Calif. law mandates EMS training to ID, assist human trafficking victims

“A paramedic coming to us in an accident and knowing what to look for would really help future victims not be hurt or sold or worse," a trafficking survivor said of the legislation


By EMS1 Staff

SACRAMENTO, Calif. — A state bill signed into law this week will require all California EMS providers to undergo training on issues related to human trafficking, the California Globe reported.

The bill requires at least 20 minutes of training on the topic beginning July 1, 2024, which will outline how to identify and interact with victims of human trafficking, as well as how to alert authorities while maintaining the safety of the victim.
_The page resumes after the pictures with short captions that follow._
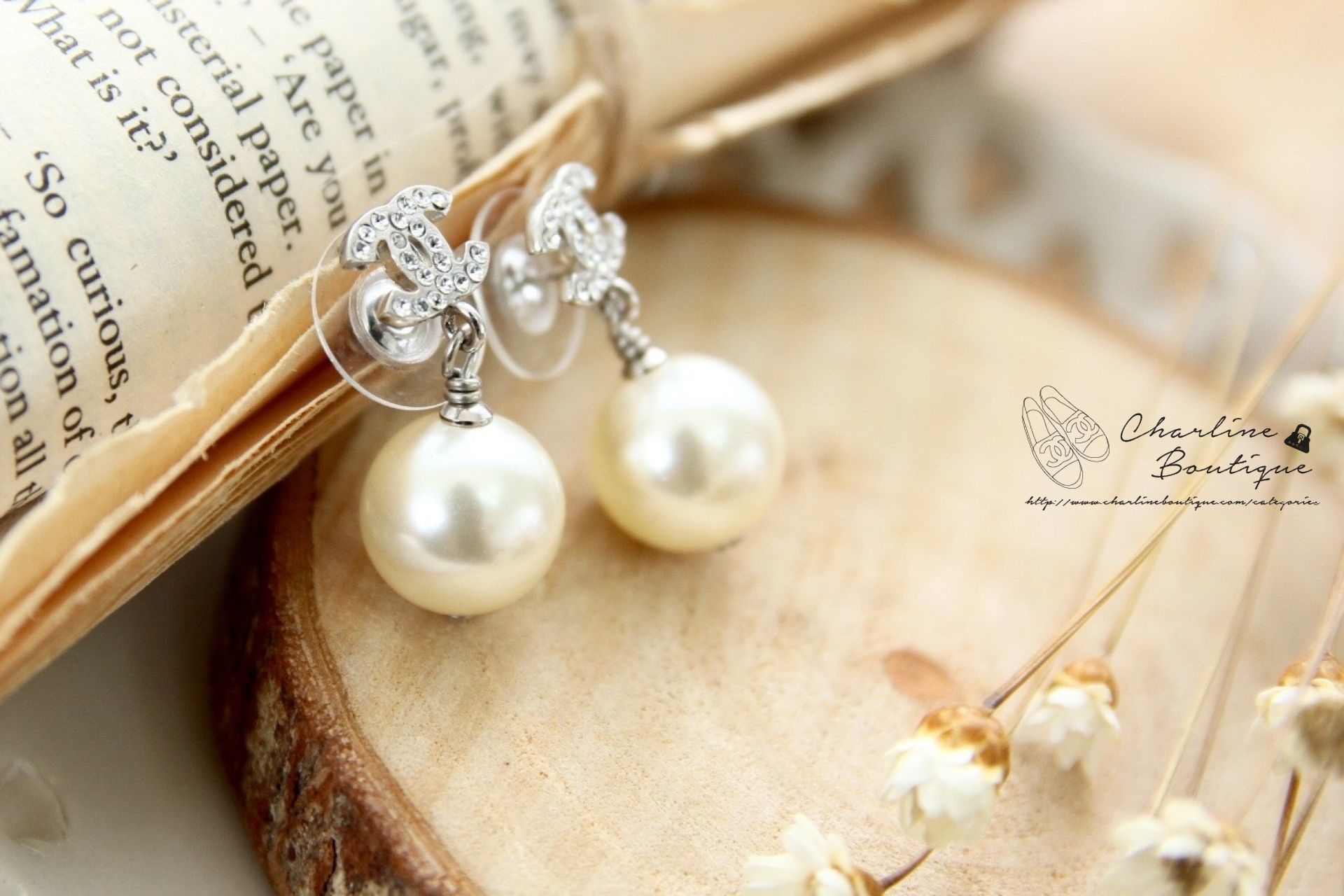 Chanel Earrings 銀色小CC水鑽垂墜珍珠耳環
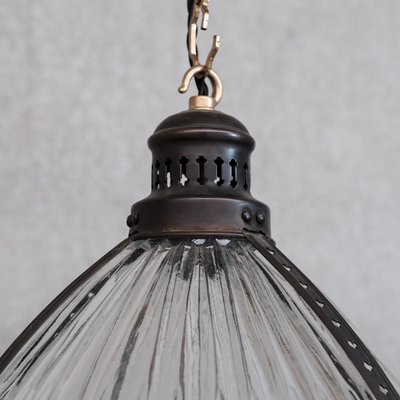 Antique French Holophane Prismatic Glass Pendant Light-JRP-1432070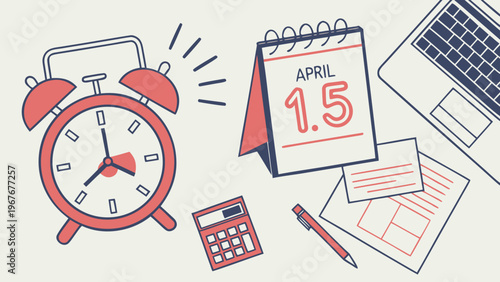 The image shows a woman buried under books and files, expressing stress as an alarm clock rings and a calendar marks April 15th, suggesting tax season pressure. high-quality professional detailed mode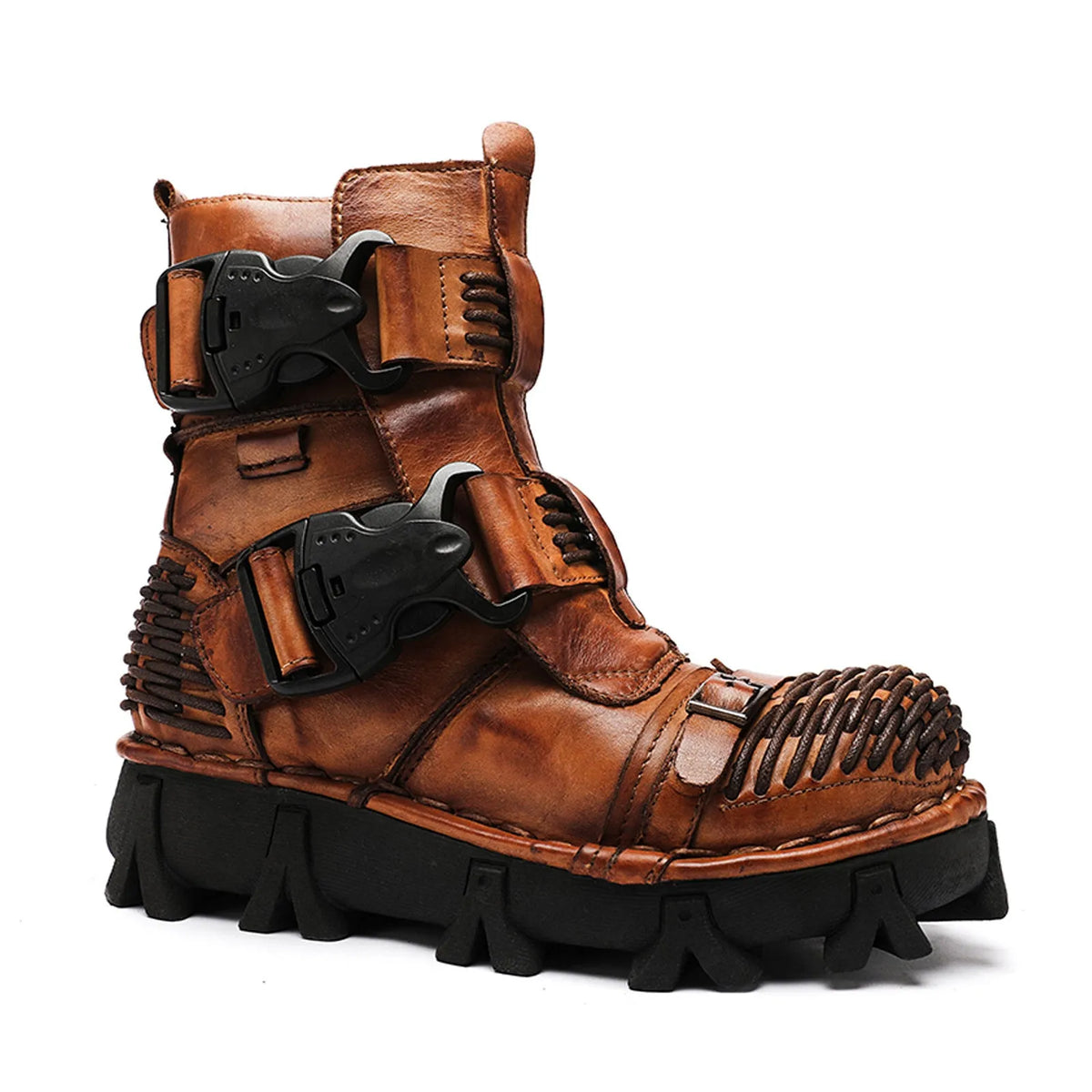 Men's cowhide motorcycle boots, mid-calf lace-up, black or brown leather upper, rubber sole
“Human trafficking victims are rescued by ordinary people who recognize the signs of trafficking and are brave enough to act,” Assemblyman Jordan Cunningham, who authored the bill, said. “As front-line emergency workers, EMTs and paramedics are uniquely situated to interact with trafficking victims. Training these workers to recognize the signs of trafficking will save lives.”

The bill received unanimous support and was signed into law on Tuesday by Newsom.

“A paramedic coming to us in an accident and knowing what to look for would really help future victims not be hurt or sold or worse,” Manuela Garcia, who is a human trafficking survivor, said. “Not many people think about what happens to us after someone doesn’t see a warning sign and doesn’t alert the police or someone, but it is not pretty. With a law like this, it can help stop this from happening to more people. That’s a good thing.”